Objective: To investigate the problems, benefits, feasibility, and sustainability of implementation of WHO guidelines on management of severe malnutrition.
Methods: A postal survey invited staff from 12 African hospitals to participate in the study. Five hospitals were evaluated and two were selected to take part in the study: a district hospital in South Africa and a mission hospital in Ghana. At an initial visit, an experienced paediatrician reviewed the situation in the hospitals and introduced the principles of the guidelines through a participatory approach. During a second visit about six months later, the paediatrician reviewed the feasibility and sustainability of the introduced changes and helped find solutions to problems. At a final visit after one year, the paediatrician reassessed the overall situation.

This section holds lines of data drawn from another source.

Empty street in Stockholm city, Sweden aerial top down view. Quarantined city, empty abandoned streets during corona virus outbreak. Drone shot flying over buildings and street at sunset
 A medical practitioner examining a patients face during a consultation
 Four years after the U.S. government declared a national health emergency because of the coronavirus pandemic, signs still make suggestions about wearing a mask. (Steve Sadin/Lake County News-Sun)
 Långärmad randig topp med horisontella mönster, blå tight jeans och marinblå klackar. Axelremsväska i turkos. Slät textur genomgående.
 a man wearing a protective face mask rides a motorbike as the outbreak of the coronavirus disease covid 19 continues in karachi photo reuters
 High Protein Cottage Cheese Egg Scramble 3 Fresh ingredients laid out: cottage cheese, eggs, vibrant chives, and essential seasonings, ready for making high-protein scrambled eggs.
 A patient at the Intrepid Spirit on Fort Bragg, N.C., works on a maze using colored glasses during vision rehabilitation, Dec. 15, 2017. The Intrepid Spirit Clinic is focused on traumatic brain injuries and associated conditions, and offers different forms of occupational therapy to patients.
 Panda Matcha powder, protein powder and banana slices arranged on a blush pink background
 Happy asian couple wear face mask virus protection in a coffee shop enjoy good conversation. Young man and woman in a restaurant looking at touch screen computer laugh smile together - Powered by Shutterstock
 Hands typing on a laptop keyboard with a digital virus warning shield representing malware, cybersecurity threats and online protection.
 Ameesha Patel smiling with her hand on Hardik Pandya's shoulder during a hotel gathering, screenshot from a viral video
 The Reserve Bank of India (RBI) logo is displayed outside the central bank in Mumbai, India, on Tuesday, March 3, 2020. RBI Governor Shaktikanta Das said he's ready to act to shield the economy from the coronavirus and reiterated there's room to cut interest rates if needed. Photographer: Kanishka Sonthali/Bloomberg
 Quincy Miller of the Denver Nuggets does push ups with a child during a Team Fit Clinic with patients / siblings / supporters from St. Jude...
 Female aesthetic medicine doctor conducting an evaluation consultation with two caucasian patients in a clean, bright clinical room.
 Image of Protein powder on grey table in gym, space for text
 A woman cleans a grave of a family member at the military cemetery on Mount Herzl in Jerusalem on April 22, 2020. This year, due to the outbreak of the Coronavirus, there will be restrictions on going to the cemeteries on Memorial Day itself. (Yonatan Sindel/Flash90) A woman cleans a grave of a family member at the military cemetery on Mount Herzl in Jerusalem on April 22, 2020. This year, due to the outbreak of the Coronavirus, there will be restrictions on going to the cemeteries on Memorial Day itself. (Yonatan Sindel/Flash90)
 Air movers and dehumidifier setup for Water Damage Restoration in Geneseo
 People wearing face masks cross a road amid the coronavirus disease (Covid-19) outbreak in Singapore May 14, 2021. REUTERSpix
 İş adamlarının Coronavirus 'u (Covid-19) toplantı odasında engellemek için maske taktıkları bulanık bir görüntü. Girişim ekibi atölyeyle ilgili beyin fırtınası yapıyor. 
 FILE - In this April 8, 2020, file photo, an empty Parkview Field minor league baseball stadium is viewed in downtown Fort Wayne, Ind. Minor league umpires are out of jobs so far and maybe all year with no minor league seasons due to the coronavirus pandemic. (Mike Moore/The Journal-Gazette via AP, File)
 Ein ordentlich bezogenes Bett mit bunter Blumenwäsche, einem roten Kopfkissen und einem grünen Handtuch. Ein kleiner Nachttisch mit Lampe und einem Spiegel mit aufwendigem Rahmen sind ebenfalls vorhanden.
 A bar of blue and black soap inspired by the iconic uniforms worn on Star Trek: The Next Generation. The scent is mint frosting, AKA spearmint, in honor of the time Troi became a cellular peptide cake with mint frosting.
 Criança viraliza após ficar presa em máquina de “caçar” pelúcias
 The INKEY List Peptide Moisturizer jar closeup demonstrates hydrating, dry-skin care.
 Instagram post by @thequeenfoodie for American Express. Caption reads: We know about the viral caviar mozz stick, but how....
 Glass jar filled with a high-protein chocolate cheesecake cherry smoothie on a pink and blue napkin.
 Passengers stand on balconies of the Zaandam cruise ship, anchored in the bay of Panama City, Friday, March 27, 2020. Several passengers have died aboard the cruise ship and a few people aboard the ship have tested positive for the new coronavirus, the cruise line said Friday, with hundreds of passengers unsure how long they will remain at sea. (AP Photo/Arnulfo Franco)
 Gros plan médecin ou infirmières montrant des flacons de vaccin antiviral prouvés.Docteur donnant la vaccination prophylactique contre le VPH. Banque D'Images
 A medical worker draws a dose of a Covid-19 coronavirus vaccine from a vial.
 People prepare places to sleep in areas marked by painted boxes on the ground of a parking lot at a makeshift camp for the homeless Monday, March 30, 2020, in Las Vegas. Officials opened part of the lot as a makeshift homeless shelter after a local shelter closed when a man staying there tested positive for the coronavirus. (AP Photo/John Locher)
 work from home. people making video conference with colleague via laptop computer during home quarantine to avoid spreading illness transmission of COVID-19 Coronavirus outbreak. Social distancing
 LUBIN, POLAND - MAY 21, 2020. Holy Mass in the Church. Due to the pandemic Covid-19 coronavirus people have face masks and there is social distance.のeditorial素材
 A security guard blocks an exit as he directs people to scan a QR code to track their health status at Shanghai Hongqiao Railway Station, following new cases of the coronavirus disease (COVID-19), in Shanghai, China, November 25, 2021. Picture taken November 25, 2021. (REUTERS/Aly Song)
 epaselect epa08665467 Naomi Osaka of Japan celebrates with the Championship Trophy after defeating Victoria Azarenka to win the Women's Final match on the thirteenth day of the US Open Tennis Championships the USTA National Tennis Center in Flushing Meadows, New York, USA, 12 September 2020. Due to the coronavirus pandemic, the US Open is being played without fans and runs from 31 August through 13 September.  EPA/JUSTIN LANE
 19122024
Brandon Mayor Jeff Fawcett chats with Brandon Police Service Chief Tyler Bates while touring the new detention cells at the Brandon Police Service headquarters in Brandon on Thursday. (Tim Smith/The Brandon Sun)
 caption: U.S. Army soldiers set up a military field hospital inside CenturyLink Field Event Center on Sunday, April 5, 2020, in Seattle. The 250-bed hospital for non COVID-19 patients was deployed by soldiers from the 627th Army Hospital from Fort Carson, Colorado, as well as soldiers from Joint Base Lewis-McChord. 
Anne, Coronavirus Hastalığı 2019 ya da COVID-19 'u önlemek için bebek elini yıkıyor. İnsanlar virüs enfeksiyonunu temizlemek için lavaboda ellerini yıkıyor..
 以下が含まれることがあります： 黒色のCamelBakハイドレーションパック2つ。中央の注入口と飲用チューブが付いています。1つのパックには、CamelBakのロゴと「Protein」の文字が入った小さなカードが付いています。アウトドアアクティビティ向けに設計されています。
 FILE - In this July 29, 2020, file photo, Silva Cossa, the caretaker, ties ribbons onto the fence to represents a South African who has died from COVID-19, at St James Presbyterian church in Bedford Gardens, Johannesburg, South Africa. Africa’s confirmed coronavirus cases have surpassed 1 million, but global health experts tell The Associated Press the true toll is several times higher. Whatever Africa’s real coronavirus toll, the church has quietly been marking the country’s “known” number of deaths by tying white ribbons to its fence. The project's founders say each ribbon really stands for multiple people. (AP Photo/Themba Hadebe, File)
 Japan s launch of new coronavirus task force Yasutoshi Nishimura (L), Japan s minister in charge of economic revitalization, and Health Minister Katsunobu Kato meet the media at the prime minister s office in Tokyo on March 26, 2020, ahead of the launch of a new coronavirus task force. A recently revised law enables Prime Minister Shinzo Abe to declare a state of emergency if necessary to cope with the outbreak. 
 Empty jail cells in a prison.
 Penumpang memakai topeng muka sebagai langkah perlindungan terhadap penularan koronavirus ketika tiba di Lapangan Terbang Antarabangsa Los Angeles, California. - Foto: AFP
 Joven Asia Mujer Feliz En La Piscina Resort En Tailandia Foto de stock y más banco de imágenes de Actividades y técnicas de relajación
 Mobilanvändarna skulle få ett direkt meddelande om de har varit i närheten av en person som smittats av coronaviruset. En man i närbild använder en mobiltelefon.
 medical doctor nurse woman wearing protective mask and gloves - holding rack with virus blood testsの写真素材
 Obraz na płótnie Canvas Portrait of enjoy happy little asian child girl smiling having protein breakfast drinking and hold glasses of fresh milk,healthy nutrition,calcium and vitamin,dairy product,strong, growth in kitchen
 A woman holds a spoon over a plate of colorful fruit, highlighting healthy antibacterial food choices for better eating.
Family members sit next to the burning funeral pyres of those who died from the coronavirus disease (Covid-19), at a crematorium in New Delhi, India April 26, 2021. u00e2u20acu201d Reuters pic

Findings: Malnutrition management practices improved at both hospitals. Measures against hypoglycaemia, hypothermia, and infection were strengthened. Early, frequent feeding was established as a routine practice. Some micronutrients for inclusion in the diet were not locally available and needed to be imported. Problems were encountered with monitoring of weight gain and introducing a rehydration solution for malnutrition.
Conclusion: Implementation of the main principles of the WHO guidelines on severe malnutrition was feasible, affordable, and sustainable at two African hospitals. The guidelines could be improved by including suggestions on how to adapt specific recommendations to local situations. The guidelines are well supported by experience and published reports, but more information is needed about some components and their impact on mortality.